→ WHAT TO DO
Text in the records must be reproduced exactly, and pictures must be skipped.

→ INPUT RECORDS
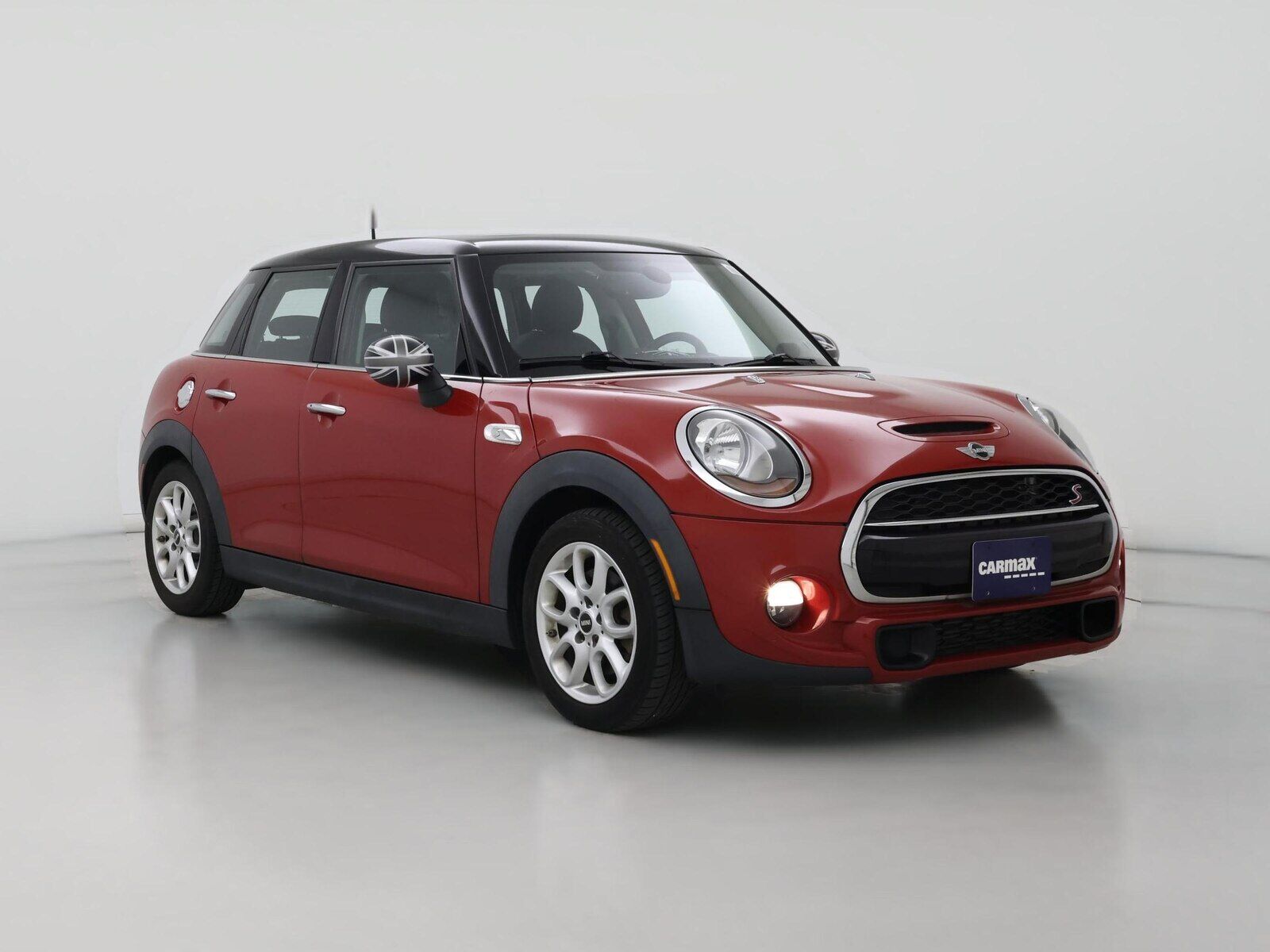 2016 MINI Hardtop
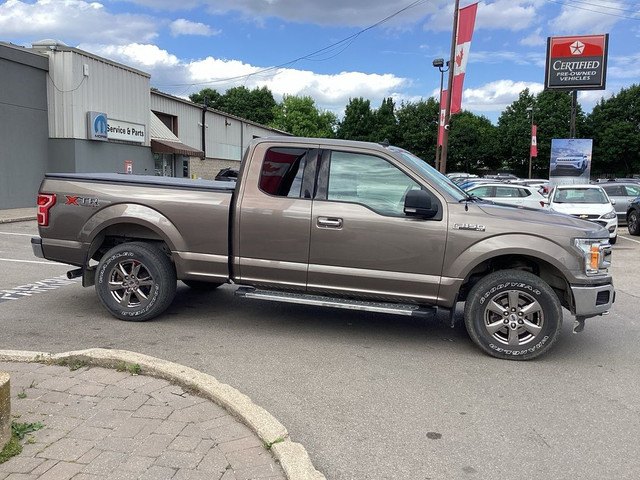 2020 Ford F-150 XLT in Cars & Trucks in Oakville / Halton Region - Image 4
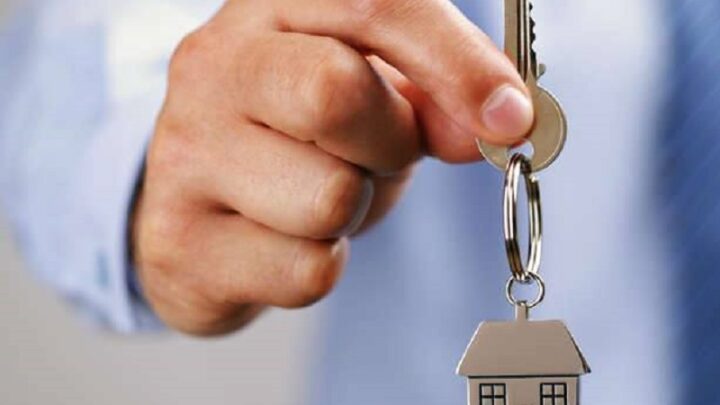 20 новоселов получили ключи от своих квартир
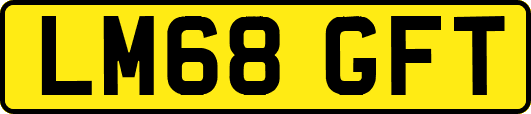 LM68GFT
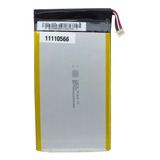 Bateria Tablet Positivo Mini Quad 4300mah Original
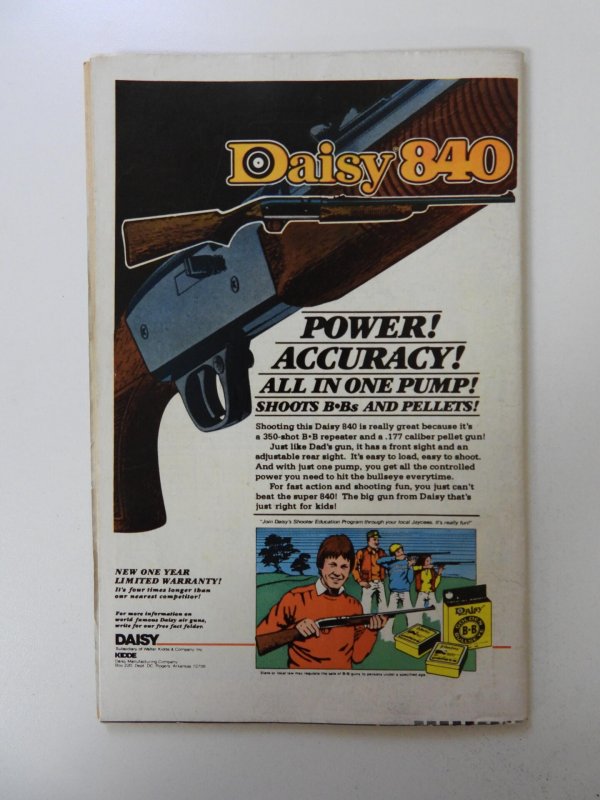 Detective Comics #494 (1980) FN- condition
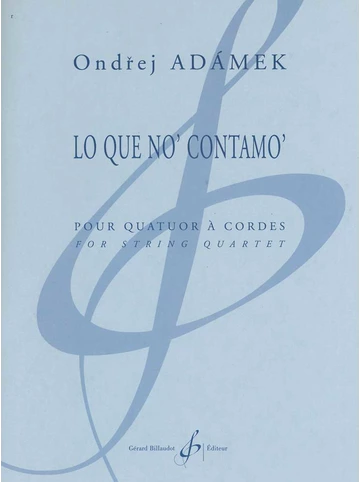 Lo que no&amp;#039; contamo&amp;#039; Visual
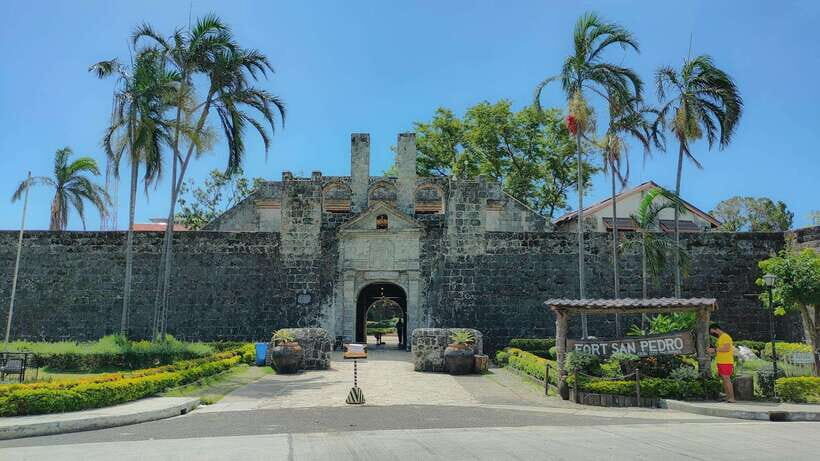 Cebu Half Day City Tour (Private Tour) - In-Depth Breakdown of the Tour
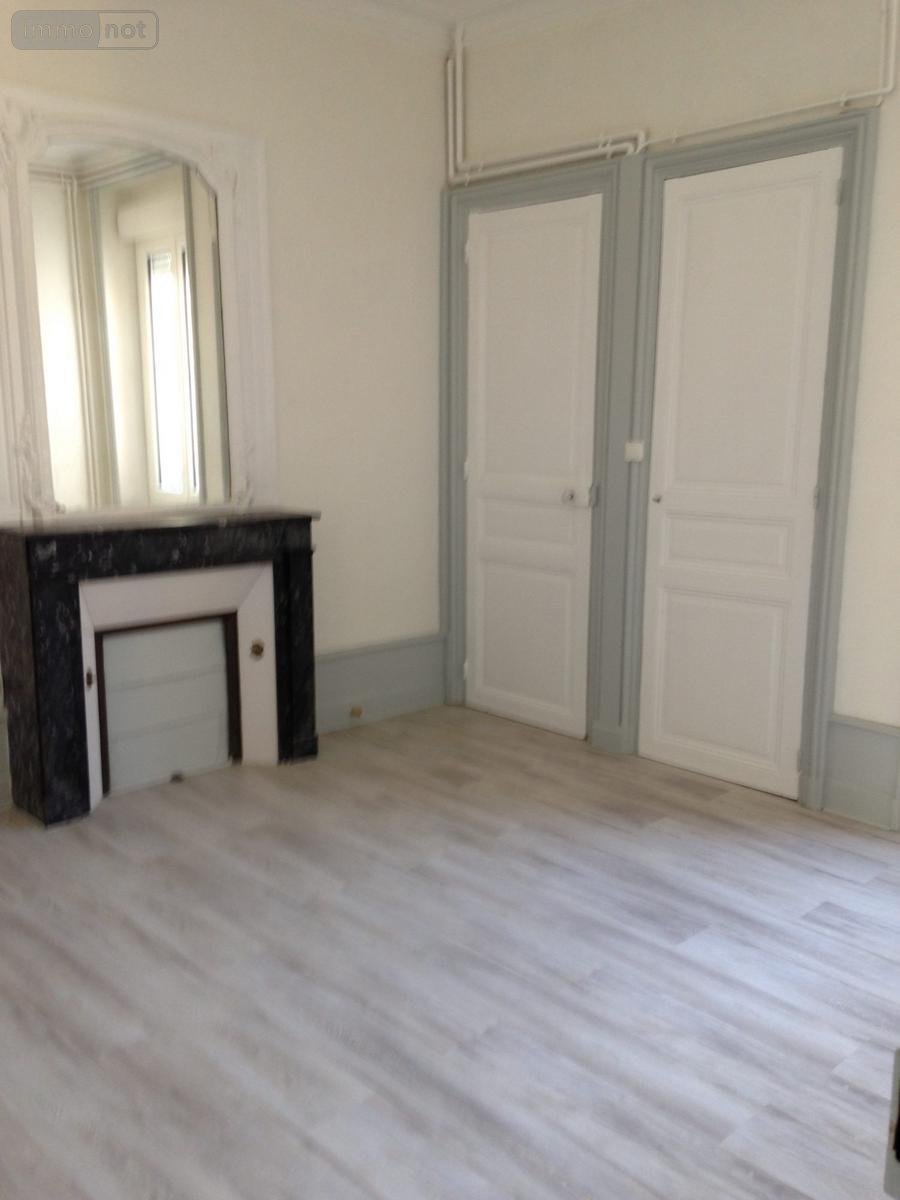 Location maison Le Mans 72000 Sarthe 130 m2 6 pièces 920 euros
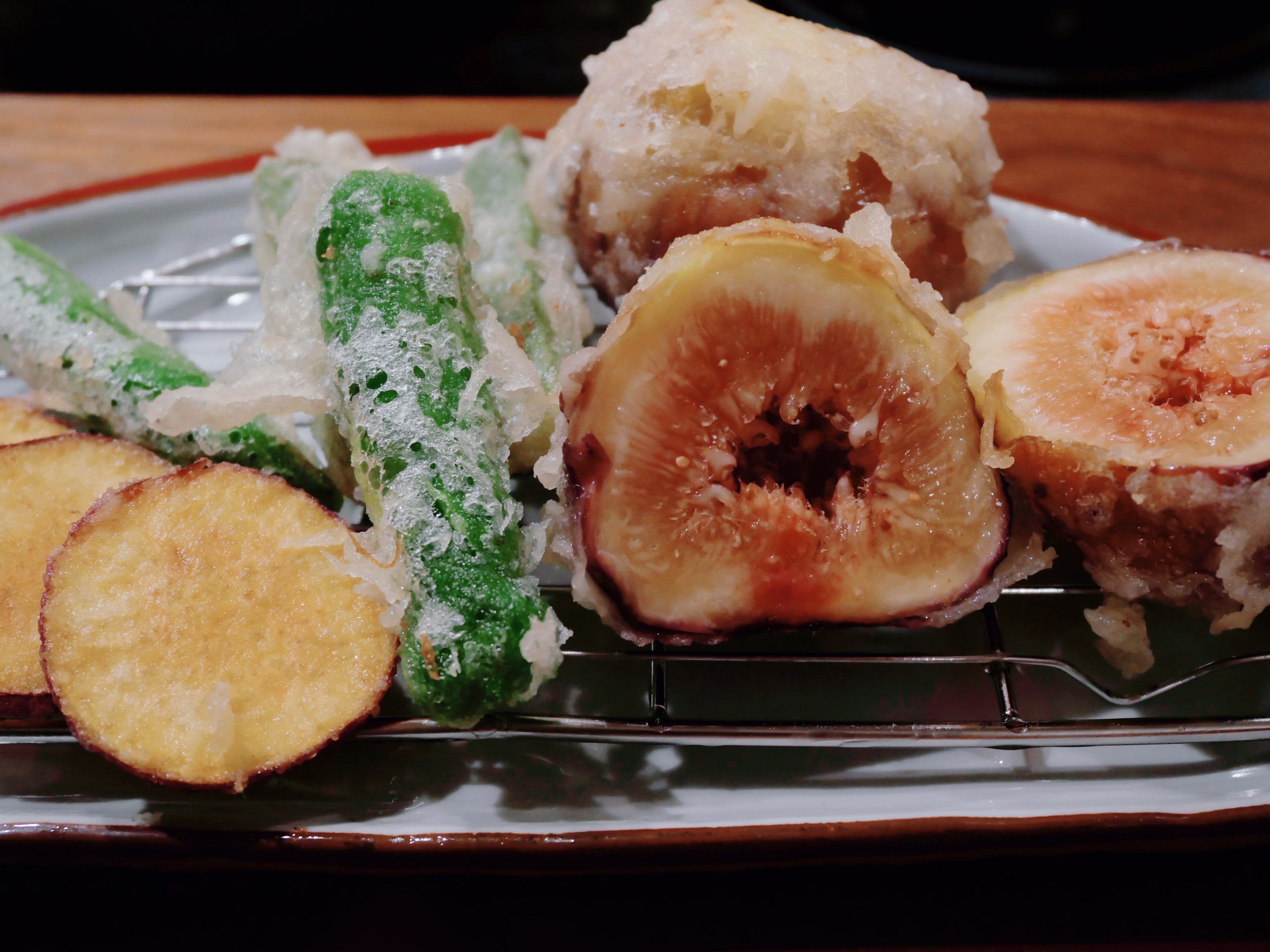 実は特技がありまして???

→ ANSWER TO THE PROBLEM
 2016 MINI Hardtop
 2020 Ford F-150 XLT in Cars & Trucks in Oakville / Halton Region - Image 4
 20 новоселов получили ключи от своих квартир
 LM68GFT
 Bateria Tablet Positivo Mini Quad 4300mah Original
 Detective Comics #494 (1980) FN- condition
 Lo que no&amp;#039; contamo&amp;#039; Visual
 Cebu Half Day City Tour (Private Tour) - In-Depth Breakdown of the Tour
 Location maison Le Mans 72000 Sarthe 130 m2 6 pièces 920 euros
 実は特技がありまして???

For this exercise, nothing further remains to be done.